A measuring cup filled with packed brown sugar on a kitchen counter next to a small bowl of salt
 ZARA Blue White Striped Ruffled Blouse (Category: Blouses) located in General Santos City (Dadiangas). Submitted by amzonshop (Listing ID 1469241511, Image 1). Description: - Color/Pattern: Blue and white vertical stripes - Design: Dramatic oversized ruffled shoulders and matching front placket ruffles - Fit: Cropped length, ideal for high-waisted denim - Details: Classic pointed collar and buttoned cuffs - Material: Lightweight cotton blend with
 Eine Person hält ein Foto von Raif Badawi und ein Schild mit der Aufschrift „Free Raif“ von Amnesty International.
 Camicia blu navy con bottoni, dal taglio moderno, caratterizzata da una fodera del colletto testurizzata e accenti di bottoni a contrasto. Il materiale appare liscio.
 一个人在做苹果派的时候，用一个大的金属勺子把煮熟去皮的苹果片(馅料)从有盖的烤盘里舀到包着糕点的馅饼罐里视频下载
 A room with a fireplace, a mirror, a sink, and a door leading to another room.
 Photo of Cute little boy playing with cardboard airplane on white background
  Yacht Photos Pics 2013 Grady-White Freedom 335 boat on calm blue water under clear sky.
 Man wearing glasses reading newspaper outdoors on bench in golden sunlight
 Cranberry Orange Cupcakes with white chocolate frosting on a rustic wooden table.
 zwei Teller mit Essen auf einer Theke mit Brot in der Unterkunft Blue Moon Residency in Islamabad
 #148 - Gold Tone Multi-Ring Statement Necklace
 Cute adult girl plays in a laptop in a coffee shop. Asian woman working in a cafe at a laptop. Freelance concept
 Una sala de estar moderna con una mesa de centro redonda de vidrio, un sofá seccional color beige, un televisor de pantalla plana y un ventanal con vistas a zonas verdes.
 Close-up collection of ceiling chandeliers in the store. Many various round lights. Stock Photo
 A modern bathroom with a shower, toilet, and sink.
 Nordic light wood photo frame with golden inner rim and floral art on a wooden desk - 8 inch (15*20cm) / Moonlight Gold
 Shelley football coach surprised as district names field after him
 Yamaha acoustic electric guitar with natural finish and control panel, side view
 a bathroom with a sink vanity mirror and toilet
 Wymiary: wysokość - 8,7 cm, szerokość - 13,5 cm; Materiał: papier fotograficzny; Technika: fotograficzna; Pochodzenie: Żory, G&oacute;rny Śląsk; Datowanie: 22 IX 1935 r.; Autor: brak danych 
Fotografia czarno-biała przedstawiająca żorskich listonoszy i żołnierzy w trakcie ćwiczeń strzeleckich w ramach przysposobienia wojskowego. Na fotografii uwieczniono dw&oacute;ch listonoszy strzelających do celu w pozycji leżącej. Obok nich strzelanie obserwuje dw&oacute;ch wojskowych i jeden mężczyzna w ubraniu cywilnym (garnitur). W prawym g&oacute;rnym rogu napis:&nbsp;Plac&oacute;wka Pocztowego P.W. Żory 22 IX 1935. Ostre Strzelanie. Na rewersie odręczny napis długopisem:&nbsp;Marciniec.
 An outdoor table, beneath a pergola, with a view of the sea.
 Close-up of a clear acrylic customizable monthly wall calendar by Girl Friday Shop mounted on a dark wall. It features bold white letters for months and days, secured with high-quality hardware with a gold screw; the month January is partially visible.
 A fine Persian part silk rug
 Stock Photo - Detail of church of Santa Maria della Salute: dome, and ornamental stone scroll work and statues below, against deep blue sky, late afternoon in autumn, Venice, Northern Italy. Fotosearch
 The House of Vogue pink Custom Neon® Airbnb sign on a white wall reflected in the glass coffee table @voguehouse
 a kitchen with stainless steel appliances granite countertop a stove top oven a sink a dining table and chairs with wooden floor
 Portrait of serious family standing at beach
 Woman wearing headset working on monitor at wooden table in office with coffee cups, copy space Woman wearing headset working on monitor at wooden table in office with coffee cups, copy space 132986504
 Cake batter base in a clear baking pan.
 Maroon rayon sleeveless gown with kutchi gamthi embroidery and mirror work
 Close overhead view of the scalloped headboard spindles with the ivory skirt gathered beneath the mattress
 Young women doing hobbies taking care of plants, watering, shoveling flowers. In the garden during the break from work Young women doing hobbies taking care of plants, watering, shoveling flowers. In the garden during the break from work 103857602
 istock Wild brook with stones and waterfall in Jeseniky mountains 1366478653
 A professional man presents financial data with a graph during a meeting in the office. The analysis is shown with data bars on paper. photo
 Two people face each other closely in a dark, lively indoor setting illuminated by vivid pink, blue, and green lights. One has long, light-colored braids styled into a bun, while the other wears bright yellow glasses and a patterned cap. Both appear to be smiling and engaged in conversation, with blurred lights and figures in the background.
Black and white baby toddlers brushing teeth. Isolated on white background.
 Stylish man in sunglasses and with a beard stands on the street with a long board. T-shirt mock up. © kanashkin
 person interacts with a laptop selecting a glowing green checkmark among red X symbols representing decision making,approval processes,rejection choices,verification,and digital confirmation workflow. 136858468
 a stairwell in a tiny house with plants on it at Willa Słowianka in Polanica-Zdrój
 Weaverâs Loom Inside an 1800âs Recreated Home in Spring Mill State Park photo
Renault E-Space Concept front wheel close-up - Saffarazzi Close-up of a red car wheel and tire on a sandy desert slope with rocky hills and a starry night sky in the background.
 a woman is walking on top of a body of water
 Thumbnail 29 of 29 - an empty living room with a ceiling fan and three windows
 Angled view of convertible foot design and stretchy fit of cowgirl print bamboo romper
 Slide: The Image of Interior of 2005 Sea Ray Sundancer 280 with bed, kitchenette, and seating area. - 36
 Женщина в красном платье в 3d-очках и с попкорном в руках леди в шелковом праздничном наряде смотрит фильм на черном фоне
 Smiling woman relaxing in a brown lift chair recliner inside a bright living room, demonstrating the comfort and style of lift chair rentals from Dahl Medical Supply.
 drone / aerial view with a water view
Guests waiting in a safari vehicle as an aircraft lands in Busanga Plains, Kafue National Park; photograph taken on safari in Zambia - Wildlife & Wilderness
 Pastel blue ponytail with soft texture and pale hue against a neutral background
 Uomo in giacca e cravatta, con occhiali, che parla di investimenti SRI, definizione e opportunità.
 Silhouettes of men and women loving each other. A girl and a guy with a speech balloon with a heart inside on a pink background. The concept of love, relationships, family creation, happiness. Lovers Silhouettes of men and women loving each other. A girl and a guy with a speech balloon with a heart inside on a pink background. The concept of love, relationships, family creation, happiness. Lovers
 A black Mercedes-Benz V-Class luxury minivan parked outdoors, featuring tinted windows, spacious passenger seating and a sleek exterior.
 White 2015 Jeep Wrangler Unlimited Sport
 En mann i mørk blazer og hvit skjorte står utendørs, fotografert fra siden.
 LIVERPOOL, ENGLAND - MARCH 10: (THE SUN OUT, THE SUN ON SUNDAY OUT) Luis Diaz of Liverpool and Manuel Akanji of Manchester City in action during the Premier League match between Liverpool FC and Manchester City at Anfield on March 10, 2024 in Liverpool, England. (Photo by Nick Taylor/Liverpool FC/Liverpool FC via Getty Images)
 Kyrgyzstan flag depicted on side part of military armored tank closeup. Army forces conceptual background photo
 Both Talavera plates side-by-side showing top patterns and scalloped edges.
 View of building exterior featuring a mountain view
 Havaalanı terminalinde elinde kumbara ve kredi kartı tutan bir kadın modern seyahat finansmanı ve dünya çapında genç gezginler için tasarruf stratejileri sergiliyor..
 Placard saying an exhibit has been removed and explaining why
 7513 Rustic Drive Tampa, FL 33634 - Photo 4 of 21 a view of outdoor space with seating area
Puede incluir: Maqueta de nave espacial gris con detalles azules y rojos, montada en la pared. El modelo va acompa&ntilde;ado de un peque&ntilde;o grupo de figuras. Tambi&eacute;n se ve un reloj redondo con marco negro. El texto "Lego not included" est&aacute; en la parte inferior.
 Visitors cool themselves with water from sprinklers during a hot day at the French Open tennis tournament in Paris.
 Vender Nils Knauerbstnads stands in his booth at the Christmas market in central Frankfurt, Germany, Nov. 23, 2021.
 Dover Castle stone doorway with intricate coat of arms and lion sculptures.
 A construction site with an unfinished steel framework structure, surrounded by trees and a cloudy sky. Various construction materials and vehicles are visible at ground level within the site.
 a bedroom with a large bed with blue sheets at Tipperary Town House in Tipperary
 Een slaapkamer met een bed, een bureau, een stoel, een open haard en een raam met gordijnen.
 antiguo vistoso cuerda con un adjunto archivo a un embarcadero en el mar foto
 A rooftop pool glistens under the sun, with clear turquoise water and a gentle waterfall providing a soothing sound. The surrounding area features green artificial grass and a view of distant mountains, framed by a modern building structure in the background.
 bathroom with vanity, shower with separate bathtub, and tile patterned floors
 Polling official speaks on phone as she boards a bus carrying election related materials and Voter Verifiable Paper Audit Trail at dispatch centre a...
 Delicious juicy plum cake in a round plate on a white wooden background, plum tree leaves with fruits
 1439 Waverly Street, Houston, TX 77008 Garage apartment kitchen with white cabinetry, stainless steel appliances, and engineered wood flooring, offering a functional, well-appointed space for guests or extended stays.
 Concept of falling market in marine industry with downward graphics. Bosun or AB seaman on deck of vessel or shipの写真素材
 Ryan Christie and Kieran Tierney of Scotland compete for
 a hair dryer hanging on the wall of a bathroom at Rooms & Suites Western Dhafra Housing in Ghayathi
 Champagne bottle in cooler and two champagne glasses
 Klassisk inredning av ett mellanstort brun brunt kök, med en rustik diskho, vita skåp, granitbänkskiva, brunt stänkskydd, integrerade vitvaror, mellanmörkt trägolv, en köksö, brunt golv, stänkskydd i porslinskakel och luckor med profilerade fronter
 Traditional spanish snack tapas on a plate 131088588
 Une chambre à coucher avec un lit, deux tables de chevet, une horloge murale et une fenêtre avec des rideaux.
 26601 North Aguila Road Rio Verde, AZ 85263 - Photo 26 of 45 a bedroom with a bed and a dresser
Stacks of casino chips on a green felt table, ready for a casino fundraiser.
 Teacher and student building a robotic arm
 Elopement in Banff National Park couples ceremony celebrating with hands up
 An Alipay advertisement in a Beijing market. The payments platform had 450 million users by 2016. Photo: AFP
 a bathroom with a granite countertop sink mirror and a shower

──────────

_Required action_:
Count the lines of the data that contain the string "sink", and reply with that number alone.

_Solution for this task_:
5